This guide is intended to support the data analysis work that is an integral part of the Measurement and Evaluation Course. It is essential to acquire a firm grasp of the basics (descriptive statistics) since they will be used throughout the course for a wide array of analytical purposes.
Following presentation of ways to modify data, information specific to various statistics is provdided. The information presented in each section provides both context (when to use) and menu paths within PASW to follow to execute various analyses.
Descriptive Statistics Item Analysis Data Transformations, Recode Reliability Objectivity Graphs
"Through and through the world is infested with quantity:
To talk sense is to talk quantities. It is no use saying the nation is large
- how large?
It is no use saying that radium is scarce - how scarce? You
cannot evade quantity.
You may fly to poetry and music, and quantity and
number will face you in your rhythms and your octaves."
When you first open SPSS you will notice that on the bottom of the screen are two tabs. One is the data view the other is the variable view.
Data View. From the data view you enter your data. Each horizontal line is for data pertaining to an individual. Each vertical column is for data pertaining to a variable.
Variable View: From the variable view, you provide information pertaining to each variable in your data set. This will include providing:
Variable name: Should be a short descriptive name - no spaces permitted
Variable label: A longer descriptive phrase to describe the variable.
Value labels: For categorical data (e.g. gender) where the numbers represent categories, the values column is where you specify which category each number represents. For example Male = 0; Female = 1.

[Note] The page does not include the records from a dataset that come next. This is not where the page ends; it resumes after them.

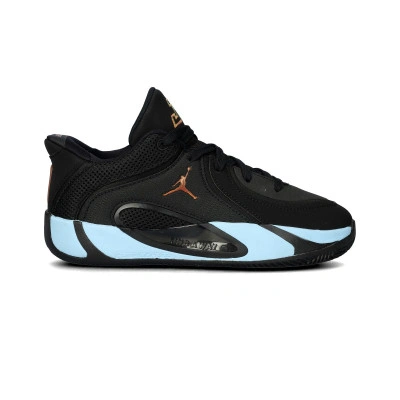 Scarpe Tatum 4 da Bambino
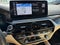 2023 BMW 5 Series 530e iPerformance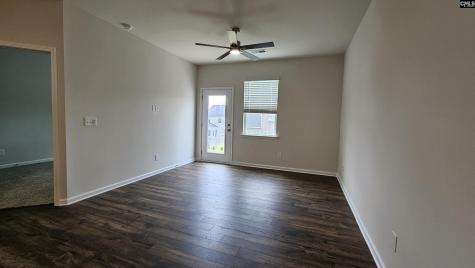 273 Sunny Hill Drive Blythewood SC 29016-0000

Frequently due to the nature of the group that measures have been obtained from, analyses on a subset of the entire group are of interest. When this is the case you first identify the subset (select cases) then proceed with the analysis.
Some of the analyses to be conducted may need to be repeated on all groups that make up a variable (e.g. gender: males/females). For example you may want to look at the correlation between exercise frequency and cholesterol level for men then for women. You could of course use the procedure above first for the males then repeat for females. However, the split file feature lets you do the two analyses at the same time.

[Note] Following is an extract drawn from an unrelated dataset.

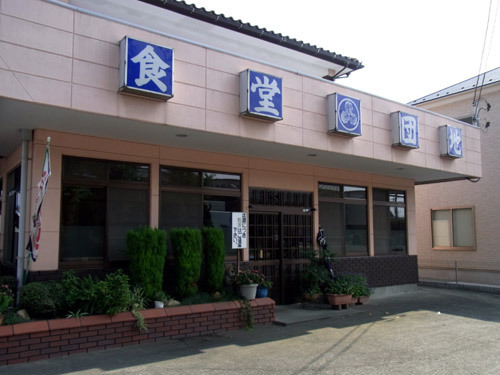 danchi01.jpg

Regardless of the nature of the variable, it is often useful to condense information before reporting it. For example: Assume you collected information on years of education in 5 categories (< High School, High School, some college, Bachelors degree, > Masters degree) but only wanted to report the proportion of people with no college work and those with at least some college work. You would not want to manipulate the original variable so you would first create a new variable then recode the new variable.
In situations where you have component information and you need for example a total for each individual, a new variable needs to be created. This is easily done within the transform menu.
To obtain a listing of all variable information (e.g. labels, names) contained in the variable view:
Notice that the information produced in the output file is essentially the same as that in the variable view. The information will be displayed in two parts: the Variable Information and the Variable Values.
Summarizing group information is typically the first step in the search for patterns, highlights, and meaning in a data set. Summary information can be presented both visually with the use of graphs and in the form of summary statistics. This section will focus on:
| Level of Measurement | Applicable Statistics |
| Nominal/Categorical | Percentages, Mode |
| Ordinal | Percentages, Mode, Median* |
| Interval | Mean, Median, Mode, Standard Deviation, Range |
| Ratio | Mean, Median, Mode, Standard Deviation, Range |
It is very important to conduct analyses approiate to the level of measurement of your data.
For categorical and ordinal data the construction of frequency distribution tables is an excellent way to summarize group information.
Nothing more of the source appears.